There's a lot of interesting items in the article -- such as the Byzantine-like maze of medieval sounding orders and subgroups. Ecclesia Dei. Society of St. Pius X. Congregation for the Doctrine of the Faith. It's no wonder that Dan Brown novels are so popular. There is such an air of secrecy and intrigue.
Anyway, one paragraph in the story struck me.
The Vatican said at the time that the pope did not know of Williamson's background and Benedict himself then acknowledged, in a letter to bishops, that the Church had to learn to use the Internet properly.Two items jump out in my mind.
1. The article capitalized "Internet" but not "pope." I don't know what the style manual says about that. Nor am I certain as to why internet should be capitalized at all.
2. The Vatican is just now learning how to use the internet? Really? The Vatican's technology skills are behind most elementary school kids? I'm not sure what that means.

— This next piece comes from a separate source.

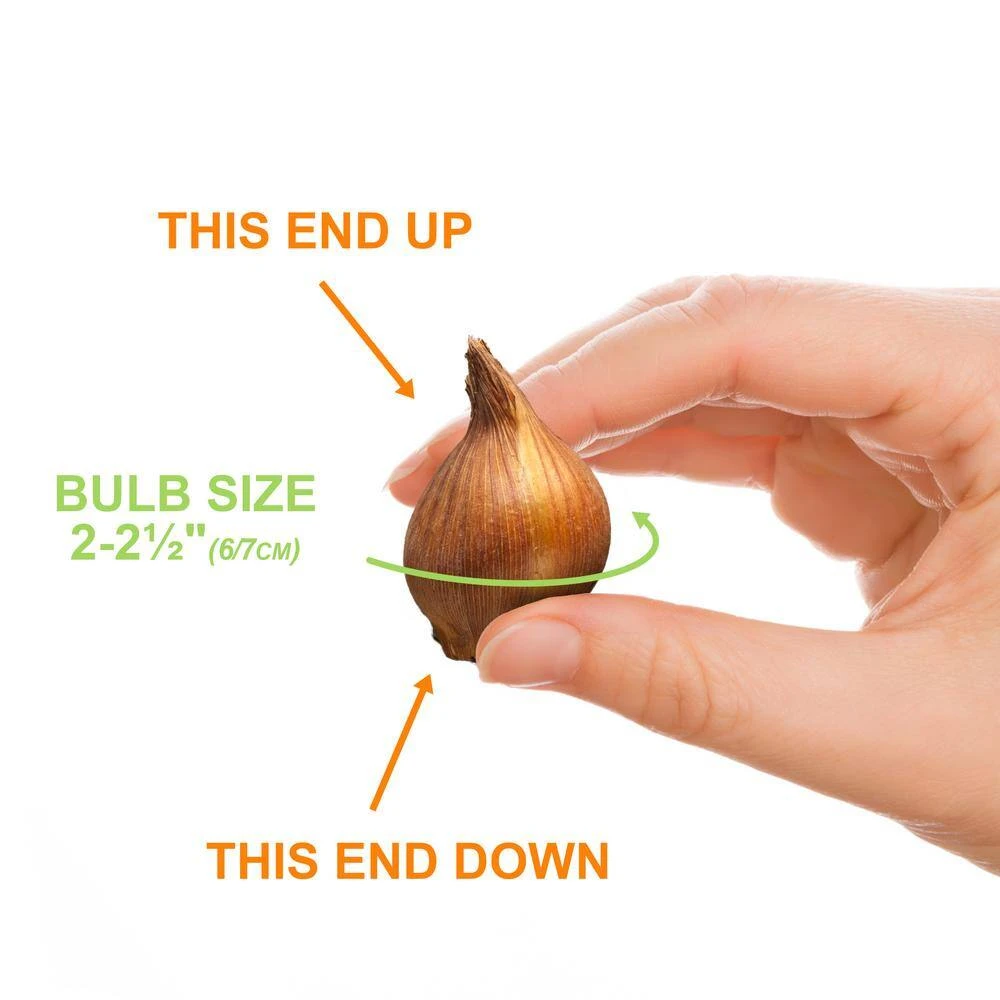 6/+ Cm, Wildflower Mix Multi-Color Tulip Flower Bulbs (Bag Of 100) 6 6/+ Cm, Wildflower Mix Multi-Color Tulip Flower Bulbs (Bag Of 100) - Image 4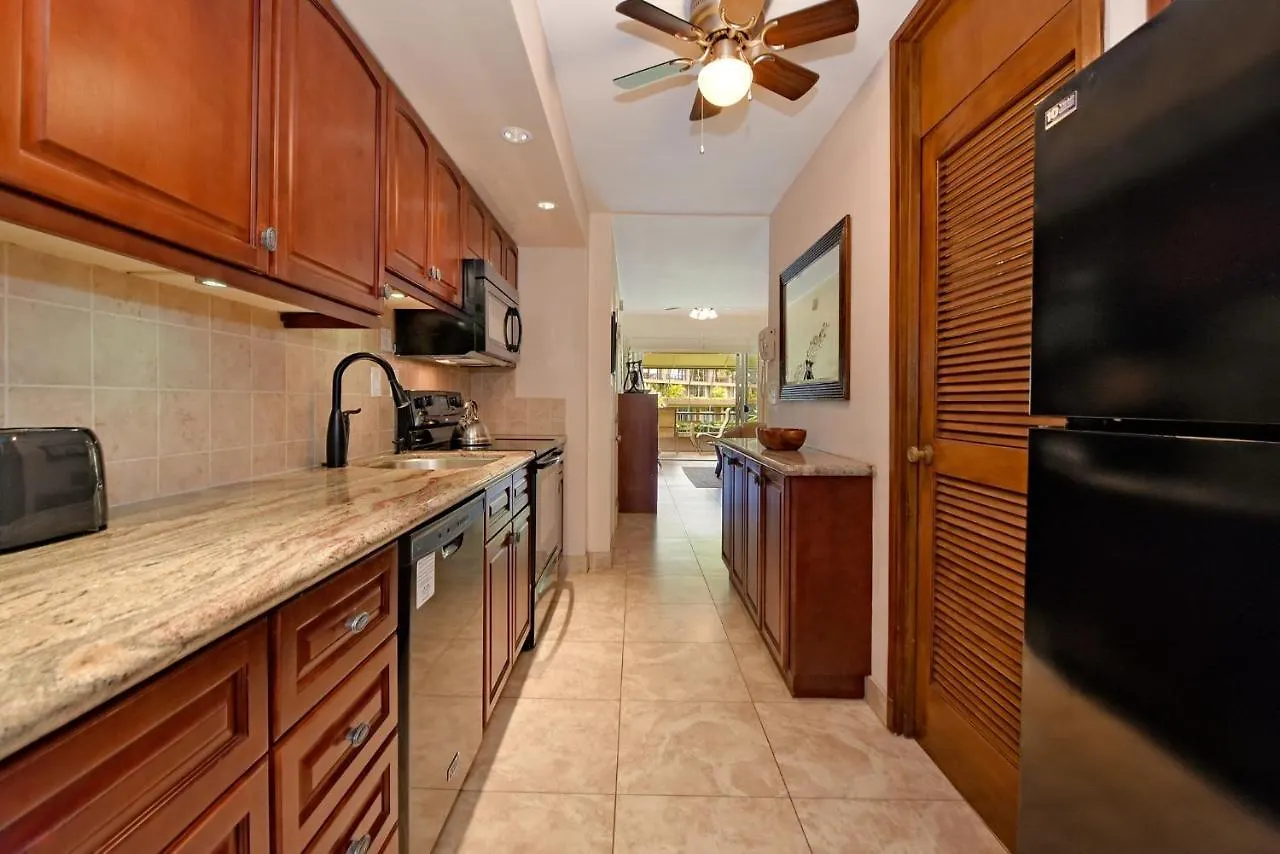 Maui Kaanapali #b233 Appartement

Institutional momentum is a tough thing to transform.

1 comments:
Very interesting. Style guides have always capitalized internet, but I've been in your camp for a number of years. No need. It is interesting about "pope." I imagine non-Catholic style guides would not cap it.
I have a classmate who has made great use of the Vatican's "secret archives." It's a web-based archive of masses of ecclesiastical literature. They know how to use the internet. Maybe just not for current research.
Another style guide issue that needs to change: citations. Nowadays all one needs is book, author, year, and maybe publisher. No need for city. That only confuses issues with the number of acquisitions over the last decade. We need to drop it.